In December 2022, 2023 and 2024, The Company performed impairment analysis, and recognized RMB2,000, and impairment loss related to the investments without readily determinable fair value due to the lower-than-expected financial performance, and no other downward adjustment was related to the investments without readily determinable fair value.
Investments in Xinyu Hongling
In August 2021, Ronglian Yitong and other third party entities set up a limited partnership, Xinyu Hongling Investment Management Center (limited partnership) (“Xinyu Hongling”), which is mainly engaged in investment management and asset management, with a subscribed capital of RMB150 million. Xinyu Hongling’s fund is used to invest in Xicheng Zhiyuan Digital Power Selection (Beijing) Investment Center (Limited Partnership) (“Xicheng Zhiyuan”), with a target subscription amount of RMB751 million. The subscribed capital contribution of Ronglian Yitong is RMB20,000, accounting for 13.33% and 2.66% of the registered capital of Xinyu Hongling and Xicheng Zhiyuan. According to the investment agreement, Ronglian Yitong does not have the right to appoint any directors. The Group accounts for its investment in Xinyu Hongling as other equity investments since its investment is not in-substance common stock due to the liquidation preference feature, and does not have readily determinable fair value.
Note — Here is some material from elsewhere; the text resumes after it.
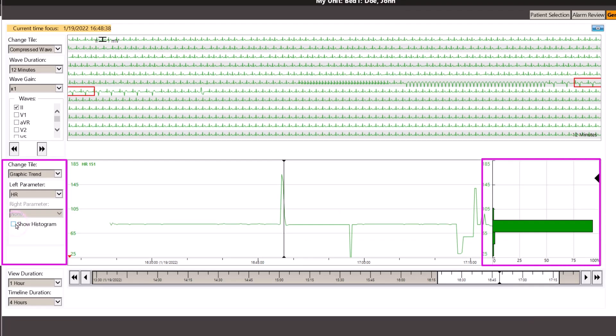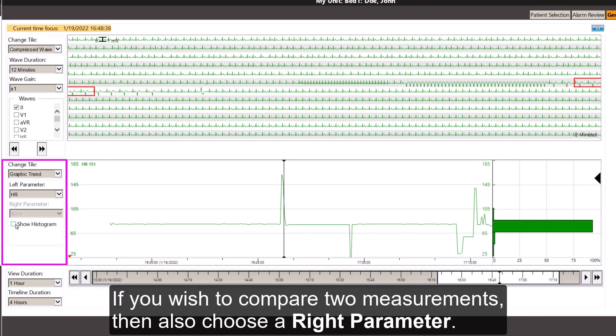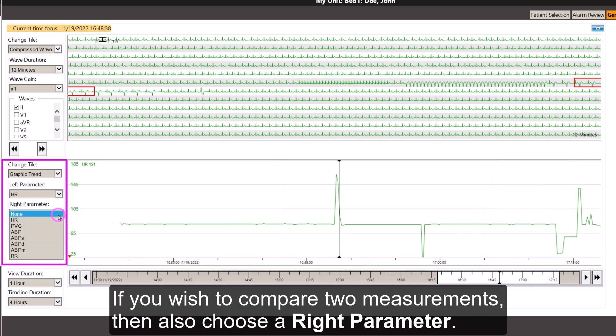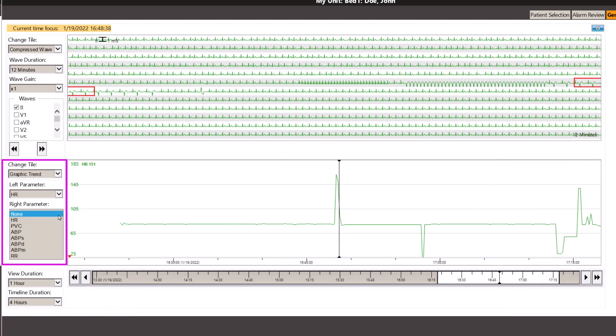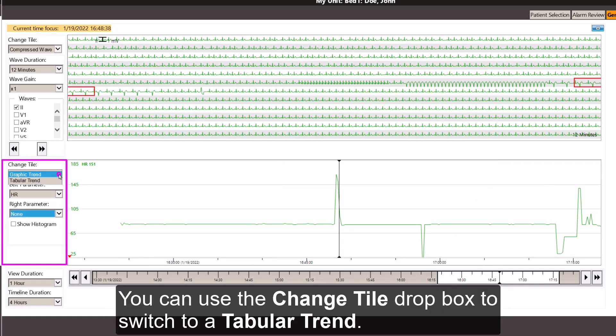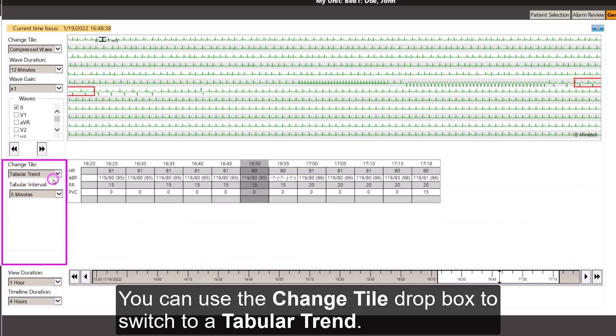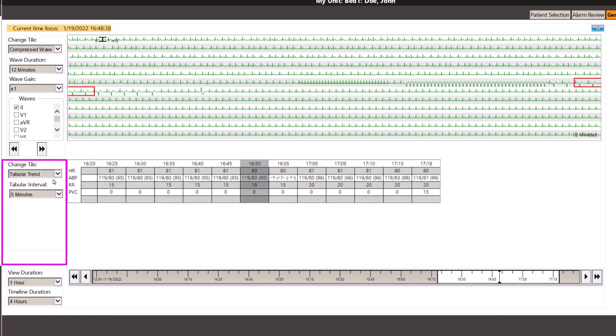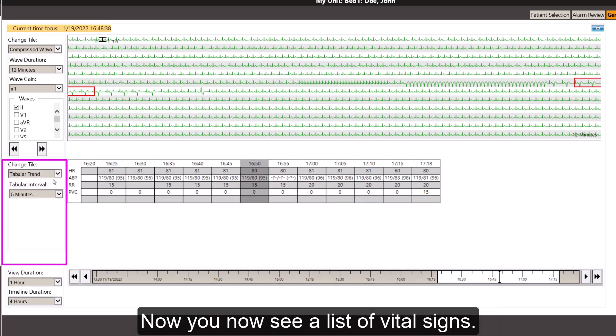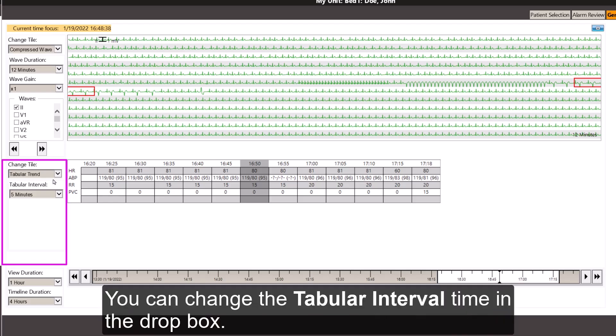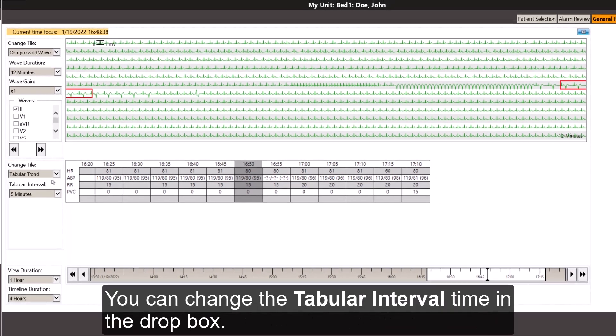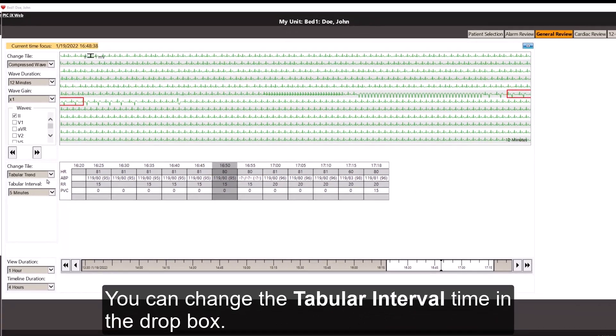If you wish to compare two measurements, then also choose a right parameter. You can use the Change Tile drop-down box to switch to a tabular trend. Now you see a list of vital signs. You can change the tabular interval time in the drop-box.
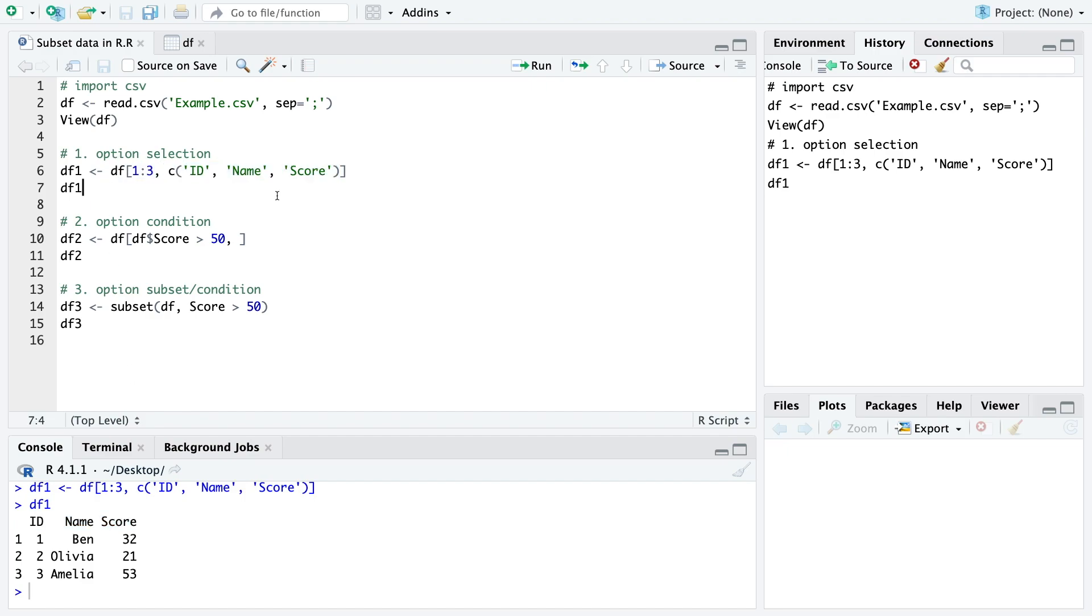Then the second option is just to use a condition. So we only want a subset of the data frame which fulfills this condition. So we want that the score is bigger than 50. Don't forget a comma here.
The Group elected to measure other equity investments without a readily determinable fair value at cost adjusted for changes resulting from impairments, if any, and observable price changes in orderly transactions for the identical or similar securities of the same issuer.
In December 2022, 2023 and 2024, the Company performed an impairment analysis, and recognized RMB5,400 and RMB3,500 and impairment loss related to the investments without readily determinable fair value due to the lower-than-expected financial performance, and no other downward adjustment was related to the investments without readily determinable fair value.
Investments in Shanghai Yuhuan
The Company performed impairment analysis for Shanghai Yuhuan Information System Co., Ltd. (“ShanghaiYuhuan”) in 2022, 2023 and 2024, and recognized impairment loss related to the investments without readily determinable fair value due to the lower-than-expected financial performance, and no other downward adjustment was related to the investments without readily determinable fair value. To estimate the fair value of investment in Shanghai Yuhuan, the Company used discounted cash flow model (“DCF Model”), which is based on the fair value of the entire invested capital of Shanghai Yuhuan using an income approach. The significant inputs for the valuation model include, but not limited to, future cash flows, discount rate, and the comparable selection set of companies operating in similar businesses.